Semiconductor Electrochemistry and Photoelectrochemistry
Semiconductor electrochemistry treats electrodes whose interfacial potential drop and reactivity are governed by a space-charge region within the solid, enabling light-driven reactions in photoelectrochemical cells.
Definition
The electrochemistry of semiconductor electrodes, in which a space-charge region inside the solid controls charge transfer, and where illumination can generate the charge carriers that drive electrode reactions.
Scope
This topic covers the distinctive behavior of semiconductor electrodes: the space-charge layer and band bending, flat-band potential and its determination by Mott–Schottky analysis, the role of conduction and valence bands in electron transfer, and photoelectrochemistry in which absorbed light generates carriers that drive oxidation or reduction.

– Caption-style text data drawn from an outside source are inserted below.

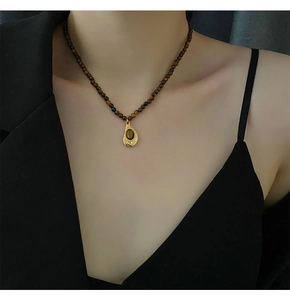 Détail d'un collier vintage en perles d'oeil de tigre avec pendentif goutte dorée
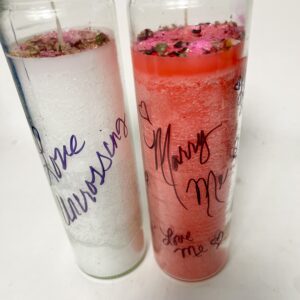 Two tall candles with romantic inscriptions, one white and one red.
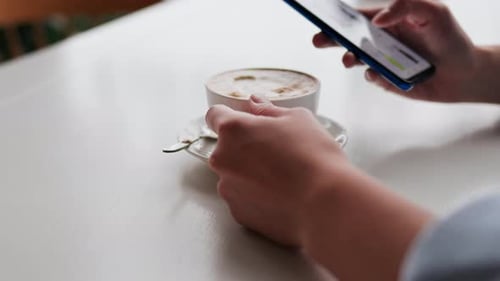 A girl drinks coffee sits in a cafe looks at the smartphone screen choosing clothes in online store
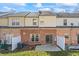Exterior townhouse view with brick, two AC units, small patio and partial privacy fences at 3815 Pleasant Oaks Dr, Lawrenceville, GA 30044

It includes applications to solar water splitting and dye-sensitized cells.
Core questions
- How does a semiconductor electrode differ from a metal in its interfacial potential distribution?

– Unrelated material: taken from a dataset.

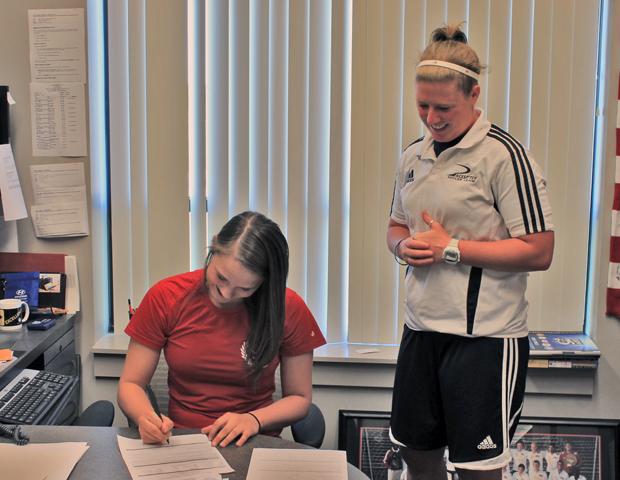 Kayla Lehmann signs her letter of intent as Express women's soccer head coach Mary Whisler looks on. Photo by Nicholas Huenefeld/Owens Sports Information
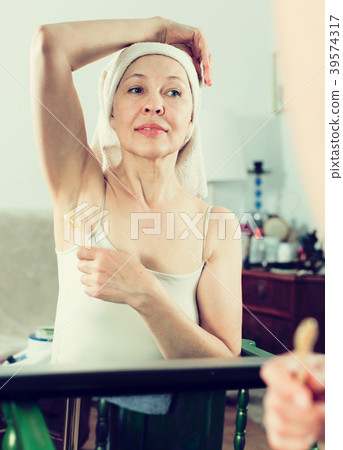 Woman doing body hair removal 39574317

- What are the flat-band potential and band bending, and how are they measured?
- How does absorbed light generate carriers that drive electrochemical reactions?
- How do photoelectrochemical cells convert light into chemical or electrical energy?
Key theories
- Space-charge layer and band bending
- Because a semiconductor has few mobile carriers, much of the interfacial potential drop occurs inside the solid as a space-charge region; the resulting band bending controls the energetics and direction of charge transfer, analyzed via Mott–Schottky plots.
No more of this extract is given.